Rounds are moving slower, which enables investors to invest with more rigor to gather more data points over more months, conduct in-depth due diligence, and get to know founders well. If there are lessons to be learned from the recent FTX debacle, it’s that you can’t cut corners when it comes to diligence: from reading every document in the data room, testing the product yourself if possible, getting founder references and speaking to customers, other investors, employees or clients, to fully grasping the financial model and what drives revenue in a business, to how the board operates and how the cap table is structured—diligence takes time. Equally important is to take the time to get to know founders, what drives them, and how to best help them scale.

Constraints Breed Creativity

Building in lean times changes a company’s DNA for good. Founders who set the foundation for their companies in this market will necessarily build differently. History shows that economic downturns are periods of innovation and creativity as entrepreneurs are forced to focus on the most imminent problems facing the world in a capital efficient manner. As an ex-founder myself, I see a lasting effect in building a company in a world where VC dollars are not an endless pool of capital. It requires ingenuity, tenacity and skill, and that’s exactly the type of startup you want to back.


Companies are being built today to solve real and scalable problems. Economic uncertainty is a fact, and adaptability is the name of the game, but history clearly shows that great businesses are also built in moments of turbulence.


Bet on Those Who Can Do More with Less

Founders who know how to do more with less will perform better. Women and minorities have never had it easy when it comes to fundraising (after all, they only get 2% of VC funding) but it will be even harder to raise in these times. Ironically, this is a competitive advantage for diverse founders. Because they have always had to be scrappy, they know how to build lean, efficient teams in any market. The Ewing Marion Kauffman Foundation found that women-led teams generate a 35% higher return on investment than all-male teams. Diverse founders tend to be more careful with spend—a strong attribute in this capital environment.

Top VCs Will Also Rise Above in Tough Economic Times

Just like the most adept entrepreneurs will excel during challenging times, the same can be said for VCs.
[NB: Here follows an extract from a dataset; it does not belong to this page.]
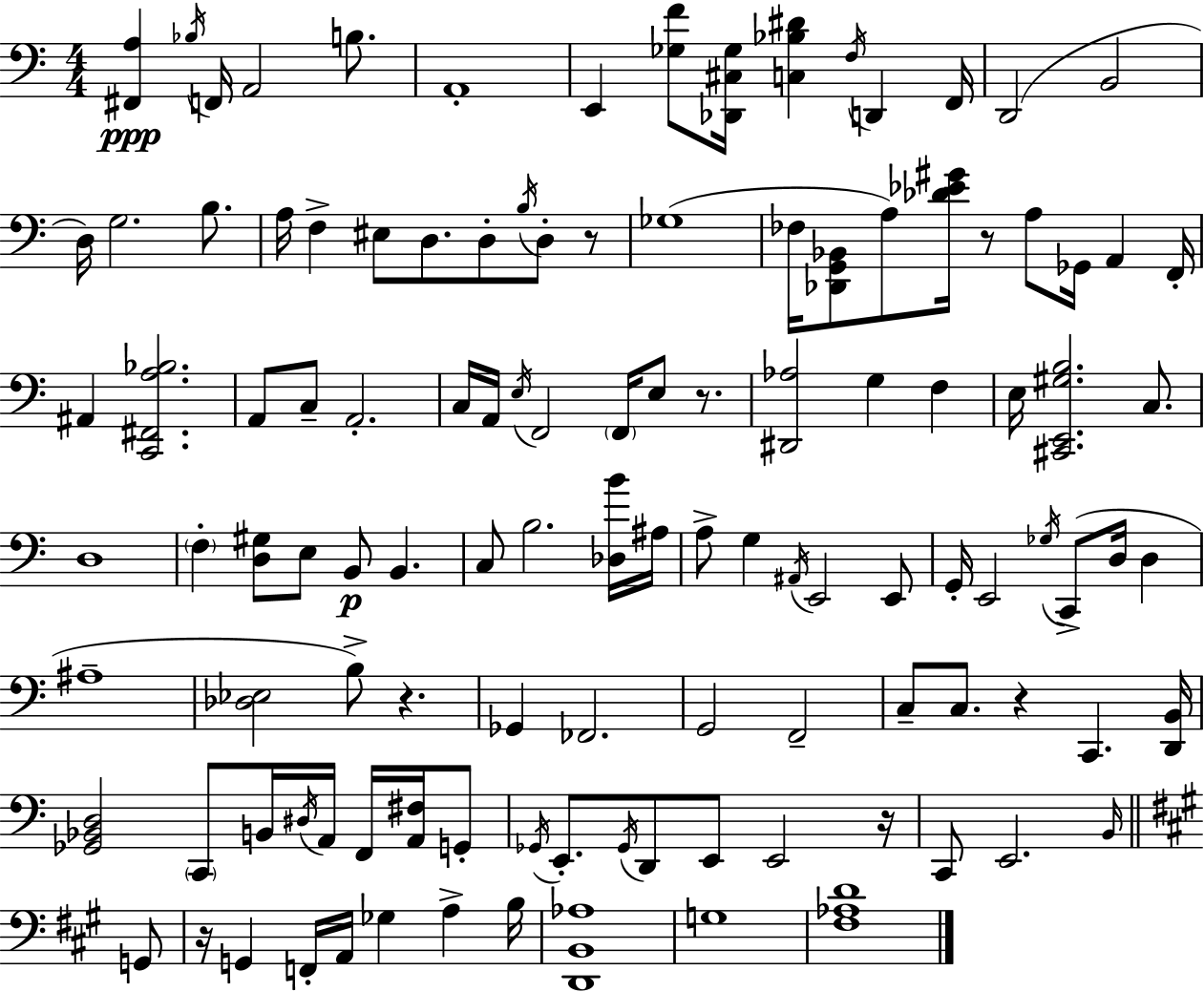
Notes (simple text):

[F#2,A3]/q Bb3/s F2/s A2/h B3/e. A2/w E2/q [Gb3,F4]/e [Db2,C#3,Gb3]/s [C3,Bb3,D#4]/q F3/s D2/q F2/s D2/h B2/h D3/s G3/h. B3/e. A3/s F3/q EIS3/e D3/e. D3/e B3/s D3/e R/e Gb3/w FES3/s [Db2,G2,Bb2]/e A3/e [Db4,Eb4,G#4]/s R/e A3/e Gb2/s A2/q F2/s A#2/q [C2,F#2,A3,Bb3]/h. A2/e C3/e A2/h. C3/s A2/s E3/s F2/h F2/s E3/e R/e. [D#2,Ab3]/h G3/q F3/q E3/s [C#2,E2,G#3,B3]/h. C3/e. D3/w F3/q [D3,G#3]/e E3/e B2/e B2/q. C3/e B3/h. [Db3,B4]/s A#3/s A3/e G3/q A#2/s E2/h E2/e G2/s E2/h Gb3/s C2/e D3/s D3/q A#3/w [Db3,Eb3]/h B3/e R/q. Gb2/q FES2/h. G2/h F2/h C3/e C3/e. R/q C2/q. [D2,B2]/s [Gb2,Bb2,D3]/h C2/e B2/s D#3/s A2/s F2/s [A2,F#3]/s G2/e Gb2/s E2/e. Gb2/s D2/e E2/e E2/h R/s C2/e E2/h. B2/s G2/e R/s G2/q F2/s A2/s Gb3/q A3/q B3/s [D2,B2,Ab3]/w G3/w [F#3,Ab3,D4]/w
Savvy investors who have weathered previous down markets and are better equipped to identify and nurture entrepreneurs through turbulent times, as well as funds led by seasoned operators that can give the tactical support to ensure that founders grow sustainably while building a clear path to profitability will rise to the top.


Just like the most adept entrepreneurs will excel during challenging times, the same can be said for VCs.
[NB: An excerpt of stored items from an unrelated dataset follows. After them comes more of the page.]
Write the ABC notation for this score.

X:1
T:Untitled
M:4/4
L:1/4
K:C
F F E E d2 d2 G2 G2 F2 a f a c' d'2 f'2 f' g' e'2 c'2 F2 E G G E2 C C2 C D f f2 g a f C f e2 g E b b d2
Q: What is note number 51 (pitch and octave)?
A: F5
My prediction is that the next few years will produce exceptional Vintages because these are such difficult times that only the strongest founders will raise and build. As with most economic cycles, investors interest to deploy capital peaks when it is usually a terrible time to invest and the market is overheated, but stay on the sidelines when conditions for investments are at their best. Miss the opportunity to invest in early stage ventures in this downturn at your own peril! (and bonus points if you support a diverse founder or funder, because it’s good for the tech ecosystem and great for returns).
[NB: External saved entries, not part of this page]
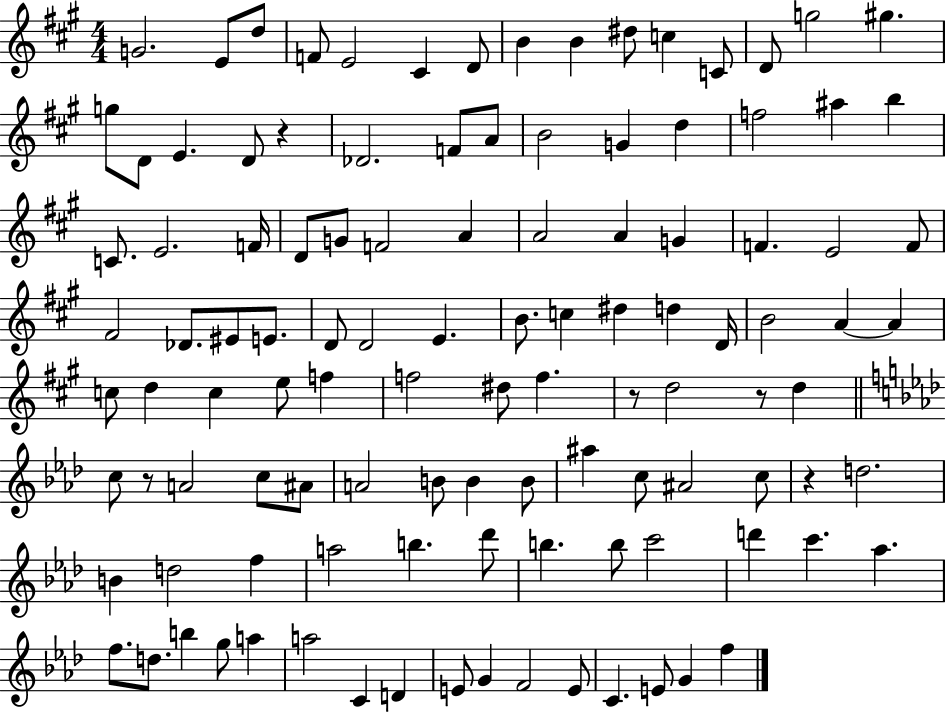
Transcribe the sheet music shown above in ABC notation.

X:1
T:Untitled
M:4/4
L:1/4
K:A
G2 E/2 d/2 F/2 E2 ^C D/2 B B ^d/2 c C/2 D/2 g2 ^g g/2 D/2 E D/2 z _D2 F/2 A/2 B2 G d f2 ^a b C/2 E2 F/4 D/2 G/2 F2 A A2 A G F E2 F/2 ^F2 _D/2 ^E/2 E/2 D/2 D2 E B/2 c ^d d D/4 B2 A A c/2 d c e/2 f f2 ^d/2 f z/2 d2 z/2 d c/2 z/2 A2 c/2 ^A/2 A2 B/2 B B/2 ^a c/2 ^A2 c/2 z d2 B d2 f a2 b _d'/2 b b/2 c'2 d' c' _a f/2 d/2 b g/2 a a2 C D E/2 G F2 E/2 C E/2 G f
Rachel ten Brink is the founder and General Partner of Red Bike Capital, a woman and Latina-led early stage VC fund based in New York, investing in US-based Fintech, SAAS, and Health and Wellness. Rachel has been a board member and senior advisor for various companies and serves on the Board of Directors of AboveBoard and Dyper. She is co-founder of Scentbird, a Y Combinator-backed ecommerce subscription that raised over $29MM in Venture Funding. Prior, she spent 15+ years building billion-dollar brands at Gillette, Estée Lauder, L’Oréal, and Elizabeth Arden. She was named Entrepreneur Magazine’s 100 Powerful Women and is one of only 90 Latinas to have ever raised over $1M in venture funding.